La fotografia risponde al bisogno dell’uomo di fermare l’attimo trasmettendo emozioni a livello cosciente e soprattutto a livello inconscio in quanto strumento non verbale in grado di attivare vissuti profondi. “Le fotografie possono raggiungere l’eternità attraverso il momento” diceva Henri Cartier Bresson.  Ed ecco che epoche storiche, eventi importanti, personaggi illustri e avvenimenti di rilievo rimangono impressi in modo indelebile, scolpiti visivamente in una memoria collettiva nel momento in cui vengono catturati in uno scatto. Il processo mnemonico è stato attivato. Non è un caso che le emozioni giochino un ruolo fondamentale nel processo di recupero dei contenuti di memoria dando colore ai nostri ricordi che altrimenti assomiglierebbero ad alberi dai rami secchi e spogli. Grazie alle emozioni, attivate a livello corticale dal sistema limbico, i ricordi riaffiorano in maniera più vivida. Le strutture più importanti del sistema limbico sono l’ippocampo e l’amigdala che sono coinvolti in un grande gioco di squadra: l’ippocampo elabora i ricordi sotto forma di tracce mnestiche e l’amigdala assegna un significato emozionale ai ricordi elaborati dall’ippocampo.

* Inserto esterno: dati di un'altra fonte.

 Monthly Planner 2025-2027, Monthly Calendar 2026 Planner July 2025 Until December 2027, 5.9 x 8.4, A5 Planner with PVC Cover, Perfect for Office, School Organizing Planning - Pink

Tutto questo discorso sul legame tra emozioni e ricordi ha molto a che fare con la fotografia, al modo in cui attraverso l’emozione la fotografia impone all’osservatore di riflettere sulla bellezza, sulla realtà, sull’ingiustizia o, più in generale, su frammenti di storia umana in continua evoluzione. Le immagini fotografiche non sono altro che frammenti di vita che collocano l’individuo in un continuum temporale che parte dal passato attivandone i ricordi, danno senso al presente e rendono possibile proiettarsi nel futuro.

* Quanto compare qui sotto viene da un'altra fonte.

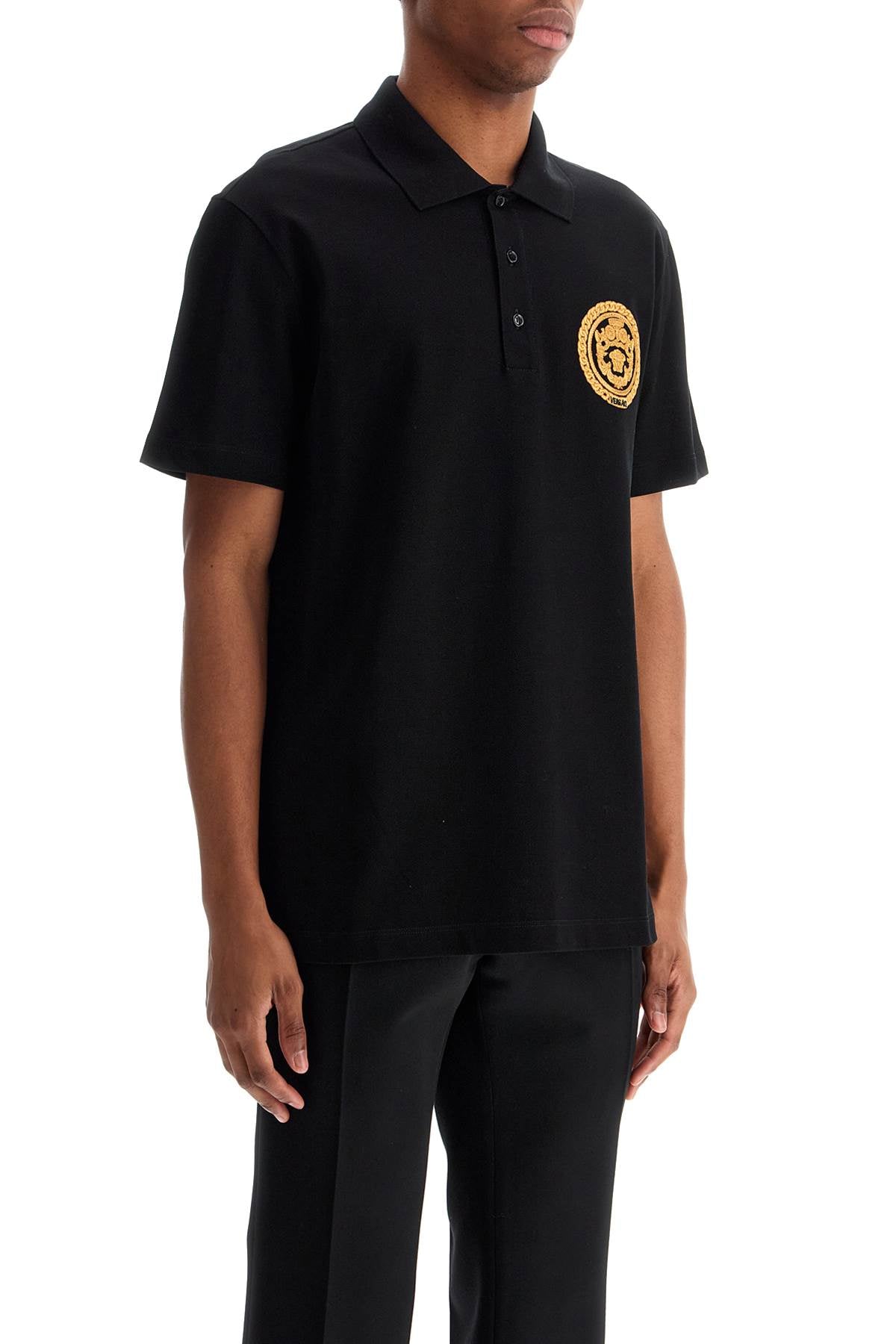 Versace Versace chain crest polo shirt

In ogni caso anche se la fotografia viene intesa come un atto di riproduzione, è sempre un atto di ri-creazione della realtà, la realtà di chi scatta, il suo mondo interiore e il modo in cui interpreta il mondo esterno. Si pensi al pittore Jackson Pollock la cui sola gestualità aveva un valore estetico e scenografico, indipendentemente dal compimento dell’opera. In questa accezione ri-creatrice, la fotografia può diventare un potente mezzo di esplorazione del non verbale e di narrazione di sé all’interno del processo terapeutico, una sorta di ponte tra interno ed esterno, tra conscio e inconscio. Numerosi gli esempi sul suo utilizzo terapeutico, da Rogers, promotore della corrente della psicologia umanistica, che si serviva delle fotografie come stimoli terapeutici, a Moreno, padre fondatore dello psicodramma, che le considerava punti di partenza per le sedute di gruppo, fino a Kohut, fondatore della psicologia del Sé, che le utilizzava per chiarire aspetti importanti dell’infanzia del paziente.

Al di là del suo utilizzo terapeutico, la fotografia può essere considerata la terapia ideale per tutti quei disturbi della vista di cui è affetta la società contemporanea come il guardare senza vedere, la totale assuefazione al bombardamento di immagini, l’incapacità di meravigliarsi o, peggio ancora, il non guardare affatto.